[Caption-style text data]

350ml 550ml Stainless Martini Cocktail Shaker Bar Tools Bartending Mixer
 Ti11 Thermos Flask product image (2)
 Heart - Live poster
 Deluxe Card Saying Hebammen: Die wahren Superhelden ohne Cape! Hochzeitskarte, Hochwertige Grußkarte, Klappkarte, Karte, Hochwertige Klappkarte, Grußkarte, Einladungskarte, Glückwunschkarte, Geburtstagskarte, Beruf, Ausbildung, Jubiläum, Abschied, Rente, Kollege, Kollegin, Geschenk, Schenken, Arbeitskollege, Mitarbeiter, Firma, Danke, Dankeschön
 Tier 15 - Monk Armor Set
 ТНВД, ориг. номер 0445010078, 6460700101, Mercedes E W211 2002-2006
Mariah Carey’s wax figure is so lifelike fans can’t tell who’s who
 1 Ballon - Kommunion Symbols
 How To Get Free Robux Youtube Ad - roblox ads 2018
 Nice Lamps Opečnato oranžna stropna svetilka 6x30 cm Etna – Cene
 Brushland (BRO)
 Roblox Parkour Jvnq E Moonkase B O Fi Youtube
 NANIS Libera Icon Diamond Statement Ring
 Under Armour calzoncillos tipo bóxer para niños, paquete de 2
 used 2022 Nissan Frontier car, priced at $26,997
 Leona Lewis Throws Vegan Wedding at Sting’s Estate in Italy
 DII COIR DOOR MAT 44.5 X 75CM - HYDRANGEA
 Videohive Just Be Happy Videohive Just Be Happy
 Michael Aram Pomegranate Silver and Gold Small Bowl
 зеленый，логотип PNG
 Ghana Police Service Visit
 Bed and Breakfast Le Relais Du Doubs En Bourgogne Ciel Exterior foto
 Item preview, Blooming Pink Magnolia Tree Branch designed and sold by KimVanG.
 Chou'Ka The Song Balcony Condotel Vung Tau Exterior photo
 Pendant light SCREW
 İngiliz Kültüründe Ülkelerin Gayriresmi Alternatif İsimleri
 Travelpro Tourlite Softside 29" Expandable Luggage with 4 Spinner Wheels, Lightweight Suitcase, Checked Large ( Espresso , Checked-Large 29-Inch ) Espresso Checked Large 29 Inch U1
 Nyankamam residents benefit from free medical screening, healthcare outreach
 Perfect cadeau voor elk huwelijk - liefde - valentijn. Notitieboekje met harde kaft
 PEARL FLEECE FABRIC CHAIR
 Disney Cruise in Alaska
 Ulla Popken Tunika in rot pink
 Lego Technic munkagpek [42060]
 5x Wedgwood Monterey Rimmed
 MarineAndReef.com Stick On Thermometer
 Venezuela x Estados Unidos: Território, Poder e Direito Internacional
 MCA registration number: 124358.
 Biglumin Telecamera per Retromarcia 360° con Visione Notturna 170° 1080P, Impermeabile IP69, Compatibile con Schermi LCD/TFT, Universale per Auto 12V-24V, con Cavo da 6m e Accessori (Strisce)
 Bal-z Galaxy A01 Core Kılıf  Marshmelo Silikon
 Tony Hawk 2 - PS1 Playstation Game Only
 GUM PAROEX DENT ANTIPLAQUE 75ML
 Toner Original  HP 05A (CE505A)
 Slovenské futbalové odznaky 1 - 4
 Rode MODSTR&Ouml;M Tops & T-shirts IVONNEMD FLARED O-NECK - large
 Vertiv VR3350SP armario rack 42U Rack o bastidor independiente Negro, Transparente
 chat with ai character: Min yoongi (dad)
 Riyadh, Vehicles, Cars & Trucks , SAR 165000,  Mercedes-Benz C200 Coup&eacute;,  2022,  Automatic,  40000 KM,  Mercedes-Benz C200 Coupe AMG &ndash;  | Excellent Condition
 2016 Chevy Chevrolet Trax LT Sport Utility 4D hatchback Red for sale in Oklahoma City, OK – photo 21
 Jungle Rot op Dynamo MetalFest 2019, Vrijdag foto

_How to complete this task:_
From the first line of the data above to the line holding "Tier 15 - Monk Armor Set", reproduce each line exactly; emit no other lines.

_Expected answer:_
350ml 550ml Stainless Martini Cocktail Shaker Bar Tools Bartending Mixer
 Ti11 Thermos Flask product image (2)
 Heart - Live poster
 Deluxe Card Saying Hebammen: Die wahren Superhelden ohne Cape! Hochzeitskarte, Hochwertige Grußkarte, Klappkarte, Karte, Hochwertige Klappkarte, Grußkarte, Einladungskarte, Glückwunschkarte, Geburtstagskarte, Beruf, Ausbildung, Jubiläum, Abschied, Rente, Kollege, Kollegin, Geschenk, Schenken, Arbeitskollege, Mitarbeiter, Firma, Danke, Dankeschön
 Tier 15 - Monk Armor Set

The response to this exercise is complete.